Sounds like Mark P nailed it. It's a great example of (I assume) Microsoft's obsessive dedication to adding a gazillion bells and whistles to its products instead of adding real functionality and utility!
Not if they're using my version of Word: I'm offered milliard, milliards, mill bars, milliars', and Millbrae - but not megabytes. Millibars and megabytes are a loooong way from each other, too - 7 out of 9 letters different, with only one substitution (e/r) being for adjacent letters. That makes the Cupertino Effect an unlikely scapegoat here, even with an initial typo...
I wonder if the draft report used MB instead of mb, rather than the full words. That would seem less insane.
It's an unlikely mistake for anyone even remotely familiar with computers, weather or atmospheric science. Or pretty much anything technical. I like to bang on the incompetence of bureaucrats in this administration as much as the next guy, but there is certainly enough genuine idiocy that you don't need to look for it in places where the problem might be carelessness rather than genuine incompetence. MartinM's suggestion looks reasonable.
If the way they do things is anything like my organization, I can see the following happening:
Technical guy writes document with "mb" or a similar abbreviation. Prior to release, the document goes to an administrative assistant for formatting and proofreading. Organizational standards require that all abbreviations are defined (on first use and/or in a list of abbreviations).
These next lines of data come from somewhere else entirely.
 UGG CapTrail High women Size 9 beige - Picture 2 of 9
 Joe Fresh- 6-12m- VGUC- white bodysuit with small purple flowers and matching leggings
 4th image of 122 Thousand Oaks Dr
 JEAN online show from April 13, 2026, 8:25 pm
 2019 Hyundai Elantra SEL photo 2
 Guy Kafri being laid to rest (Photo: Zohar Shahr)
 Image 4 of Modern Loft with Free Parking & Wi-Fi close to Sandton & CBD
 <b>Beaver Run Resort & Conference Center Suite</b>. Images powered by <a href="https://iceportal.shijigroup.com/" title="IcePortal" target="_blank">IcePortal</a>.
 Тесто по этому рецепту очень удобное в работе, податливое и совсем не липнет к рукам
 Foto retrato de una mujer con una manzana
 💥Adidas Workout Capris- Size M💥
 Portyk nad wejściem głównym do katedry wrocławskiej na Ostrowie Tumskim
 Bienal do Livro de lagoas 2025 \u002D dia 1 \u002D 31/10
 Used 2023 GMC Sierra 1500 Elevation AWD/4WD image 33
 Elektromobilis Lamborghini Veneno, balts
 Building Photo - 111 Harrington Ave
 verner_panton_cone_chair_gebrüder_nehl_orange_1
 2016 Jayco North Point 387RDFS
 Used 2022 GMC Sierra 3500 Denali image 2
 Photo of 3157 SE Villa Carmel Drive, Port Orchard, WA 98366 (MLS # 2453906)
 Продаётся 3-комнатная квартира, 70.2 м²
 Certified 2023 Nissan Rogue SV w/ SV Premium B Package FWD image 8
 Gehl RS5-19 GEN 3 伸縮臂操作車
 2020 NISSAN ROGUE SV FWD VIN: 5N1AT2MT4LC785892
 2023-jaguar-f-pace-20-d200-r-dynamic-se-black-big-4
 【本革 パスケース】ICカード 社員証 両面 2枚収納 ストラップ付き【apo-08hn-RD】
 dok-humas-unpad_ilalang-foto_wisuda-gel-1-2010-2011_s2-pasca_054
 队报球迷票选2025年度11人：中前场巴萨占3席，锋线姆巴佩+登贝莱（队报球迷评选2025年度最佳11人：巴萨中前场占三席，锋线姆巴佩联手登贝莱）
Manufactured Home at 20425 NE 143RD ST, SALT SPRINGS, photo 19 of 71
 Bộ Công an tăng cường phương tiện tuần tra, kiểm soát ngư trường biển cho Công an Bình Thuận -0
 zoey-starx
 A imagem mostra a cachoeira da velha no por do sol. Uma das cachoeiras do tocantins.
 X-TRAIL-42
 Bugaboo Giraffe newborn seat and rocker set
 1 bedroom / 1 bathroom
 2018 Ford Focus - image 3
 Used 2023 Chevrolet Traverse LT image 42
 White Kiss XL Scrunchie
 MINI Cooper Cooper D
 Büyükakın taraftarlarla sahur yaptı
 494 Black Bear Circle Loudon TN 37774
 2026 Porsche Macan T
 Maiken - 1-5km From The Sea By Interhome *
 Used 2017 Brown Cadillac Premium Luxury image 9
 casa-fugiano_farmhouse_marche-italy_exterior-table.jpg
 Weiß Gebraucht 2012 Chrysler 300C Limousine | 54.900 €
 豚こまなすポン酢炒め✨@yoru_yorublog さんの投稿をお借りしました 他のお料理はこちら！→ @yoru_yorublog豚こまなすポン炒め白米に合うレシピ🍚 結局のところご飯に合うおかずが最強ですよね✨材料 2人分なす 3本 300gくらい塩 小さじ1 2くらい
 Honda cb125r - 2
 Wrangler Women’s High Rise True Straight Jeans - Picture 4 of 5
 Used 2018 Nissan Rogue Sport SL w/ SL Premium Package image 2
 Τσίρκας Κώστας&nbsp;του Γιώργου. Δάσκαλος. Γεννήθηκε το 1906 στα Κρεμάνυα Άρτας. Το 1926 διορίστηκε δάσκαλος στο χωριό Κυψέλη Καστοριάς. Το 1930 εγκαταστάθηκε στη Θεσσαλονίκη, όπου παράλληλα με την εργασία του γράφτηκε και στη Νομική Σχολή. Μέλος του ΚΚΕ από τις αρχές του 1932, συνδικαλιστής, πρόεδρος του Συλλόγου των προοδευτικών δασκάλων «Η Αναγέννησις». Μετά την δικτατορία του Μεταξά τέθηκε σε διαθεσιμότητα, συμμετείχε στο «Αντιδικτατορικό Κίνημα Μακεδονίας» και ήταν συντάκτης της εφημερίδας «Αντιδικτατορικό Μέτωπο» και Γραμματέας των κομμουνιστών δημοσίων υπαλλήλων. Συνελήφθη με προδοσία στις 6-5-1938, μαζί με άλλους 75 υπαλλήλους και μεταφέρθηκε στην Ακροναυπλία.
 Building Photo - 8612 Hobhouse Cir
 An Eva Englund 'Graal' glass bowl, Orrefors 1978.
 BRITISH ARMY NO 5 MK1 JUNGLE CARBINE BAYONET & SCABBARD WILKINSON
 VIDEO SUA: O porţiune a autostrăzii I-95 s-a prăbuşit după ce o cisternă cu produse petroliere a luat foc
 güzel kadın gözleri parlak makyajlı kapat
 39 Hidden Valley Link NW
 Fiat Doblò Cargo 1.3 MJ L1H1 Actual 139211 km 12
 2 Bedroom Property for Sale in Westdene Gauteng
Administrative assistant, who is not technical, erroneously determines that MB is the abbreviation for "megabytes" and places this definition in the document. (After all, that's what it meant in the last document that she proofed, and those geeks get all bent out of shape if you keep asking them the same question over and over again...)
So it strikes me as an unfortunate and embarrassing, but not particularly surprising, error to show up in a document.
Yes, a copyediting mistake from the abbreviation mb is certainly plausible. That suggests they use nontechnical proofreaders, though, which is a bit weird even if it's not mindbogglingly incompetent.
The title of this post reminded me to comment that I recently finished "Storm World" (I listened to it in audio form on my way to and from work). What jogged my memory was how hurricane pressure was always referred to both in millibars and in inches. I assume the inches measurement was in parentheses in the book. For some reason that always made my chuckle while I was listening to it. I really enjoyed the book though and have tried recommending it to climate change denialists that I've encountered on a Chicago Cubs message board. Not surprisingly, they have no interest in reading it.